== WHAT TO PRODUCE ==
Where a line contains "#Zoomex #Tobycoin https://t.co/ua1QYw7MAi", start there and write out that line and each one after it, word for word, through the final line of the entries; add nothing else.

== TASK INPUTS ==
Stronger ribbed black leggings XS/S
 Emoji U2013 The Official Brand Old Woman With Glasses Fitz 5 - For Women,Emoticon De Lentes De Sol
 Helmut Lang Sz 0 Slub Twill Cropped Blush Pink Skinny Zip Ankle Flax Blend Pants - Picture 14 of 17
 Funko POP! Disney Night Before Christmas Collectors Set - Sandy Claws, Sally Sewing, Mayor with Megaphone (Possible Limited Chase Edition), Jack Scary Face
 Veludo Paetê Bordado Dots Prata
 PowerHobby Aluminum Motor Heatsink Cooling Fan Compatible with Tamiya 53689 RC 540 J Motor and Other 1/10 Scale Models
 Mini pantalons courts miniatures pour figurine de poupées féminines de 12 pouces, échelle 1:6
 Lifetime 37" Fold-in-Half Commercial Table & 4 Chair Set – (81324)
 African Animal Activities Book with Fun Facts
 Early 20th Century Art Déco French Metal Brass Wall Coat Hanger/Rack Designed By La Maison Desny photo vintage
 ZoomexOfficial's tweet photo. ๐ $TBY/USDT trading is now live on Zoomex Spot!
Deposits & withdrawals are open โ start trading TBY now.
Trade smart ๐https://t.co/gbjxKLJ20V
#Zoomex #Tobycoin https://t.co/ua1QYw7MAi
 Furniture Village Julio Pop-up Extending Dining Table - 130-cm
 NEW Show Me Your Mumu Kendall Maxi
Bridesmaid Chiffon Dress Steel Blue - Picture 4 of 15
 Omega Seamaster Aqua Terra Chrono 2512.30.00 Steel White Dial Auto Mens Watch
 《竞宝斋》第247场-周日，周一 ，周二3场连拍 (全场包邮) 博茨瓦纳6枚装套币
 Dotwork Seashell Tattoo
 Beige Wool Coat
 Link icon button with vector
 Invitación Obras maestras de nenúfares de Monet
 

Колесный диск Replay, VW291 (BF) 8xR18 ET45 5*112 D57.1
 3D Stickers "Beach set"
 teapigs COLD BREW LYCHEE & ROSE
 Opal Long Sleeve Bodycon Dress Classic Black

== ANSWER TO THIS PROBLEM ==
#Zoomex #Tobycoin https://t.co/ua1QYw7MAi
 Furniture Village Julio Pop-up Extending Dining Table - 130-cm
 NEW Show Me Your Mumu Kendall Maxi
Bridesmaid Chiffon Dress Steel Blue - Picture 4 of 15
 Omega Seamaster Aqua Terra Chrono 2512.30.00 Steel White Dial Auto Mens Watch
 《竞宝斋》第247场-周日，周一 ，周二3场连拍 (全场包邮) 博茨瓦纳6枚装套币
 Dotwork Seashell Tattoo
 Beige Wool Coat
 Link icon button with vector
 Invitación Obras maestras de nenúfares de Monet
 

Колесный диск Replay, VW291 (BF) 8xR18 ET45 5*112 D57.1
 3D Stickers "Beach set"
 teapigs COLD BREW LYCHEE & ROSE
 Opal Long Sleeve Bodycon Dress Classic Black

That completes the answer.